* Assignment
Consider the listing below. Extract exactly the lines from the line containing "2025. 3. 17.~" to the line containing "Кукла Zapf Creation", both included.

* Information
*****

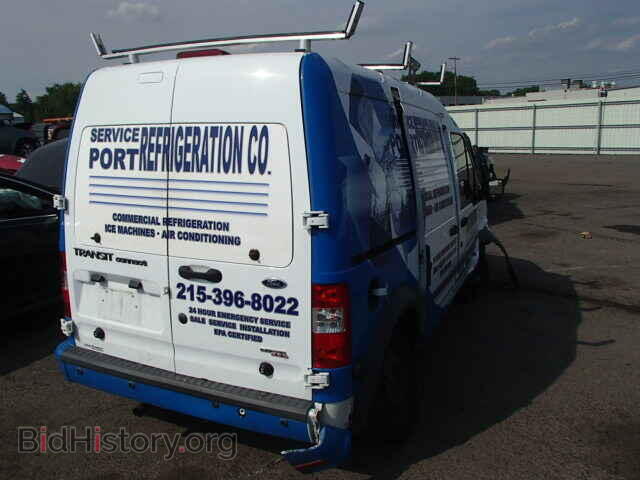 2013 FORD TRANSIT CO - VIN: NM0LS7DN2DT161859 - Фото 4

*****

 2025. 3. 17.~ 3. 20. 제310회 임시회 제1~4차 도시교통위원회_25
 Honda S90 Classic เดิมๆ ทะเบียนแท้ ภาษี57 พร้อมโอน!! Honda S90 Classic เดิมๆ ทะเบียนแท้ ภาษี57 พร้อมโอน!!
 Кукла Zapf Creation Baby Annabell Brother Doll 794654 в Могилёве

*****

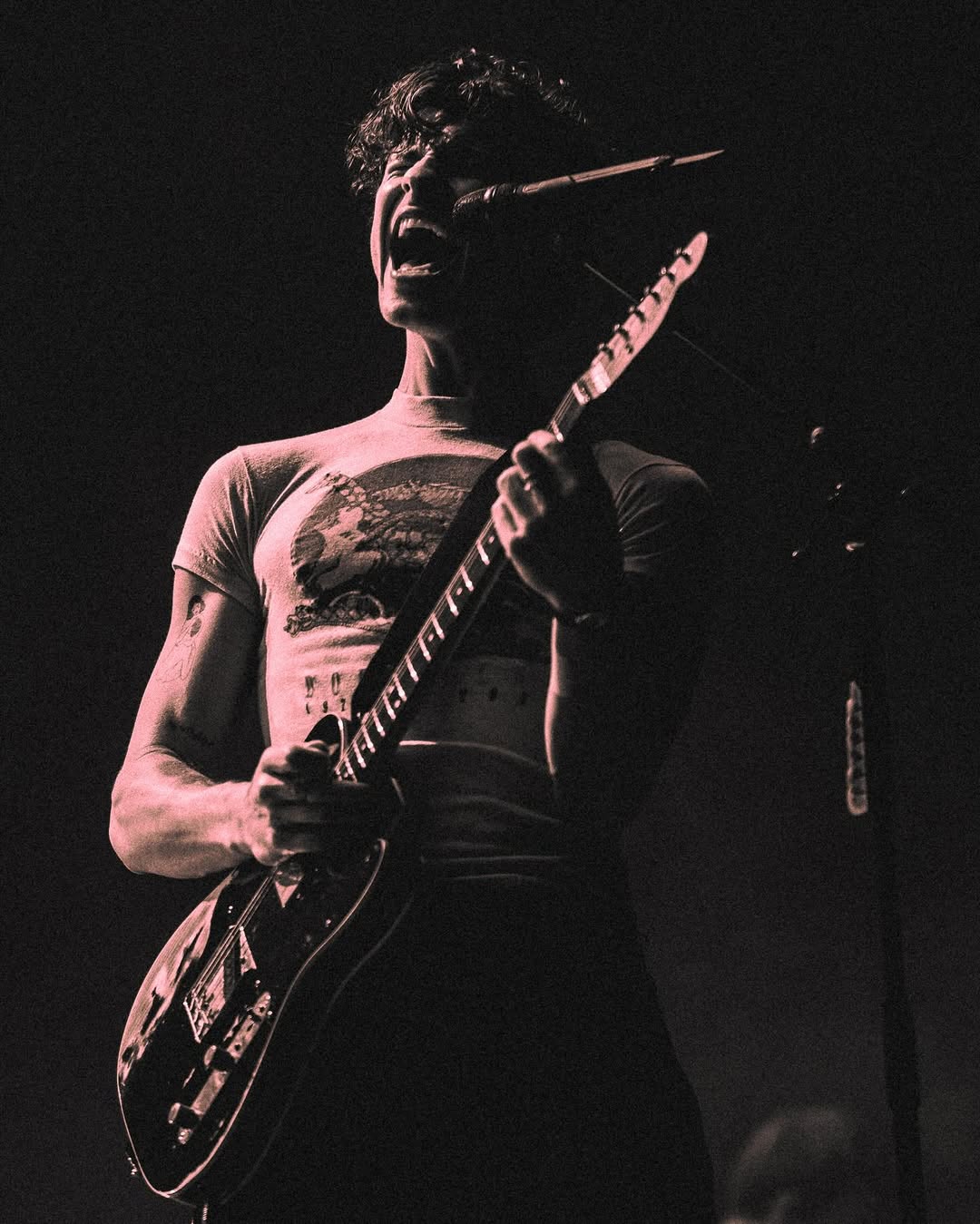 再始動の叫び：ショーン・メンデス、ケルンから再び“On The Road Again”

*****

* Response to this task
 2025. 3. 17.~ 3. 20. 제310회 임시회 제1~4차 도시교통위원회_25
 Honda S90 Classic เดิมๆ ทะเบียนแท้ ภาษี57 พร้อมโอน!! Honda S90 Classic เดิมๆ ทะเบียนแท้ ภาษี57 พร้อมโอน!!
 Кукла Zapf Creation Baby Annabell Brother Doll 794654 в Могилёве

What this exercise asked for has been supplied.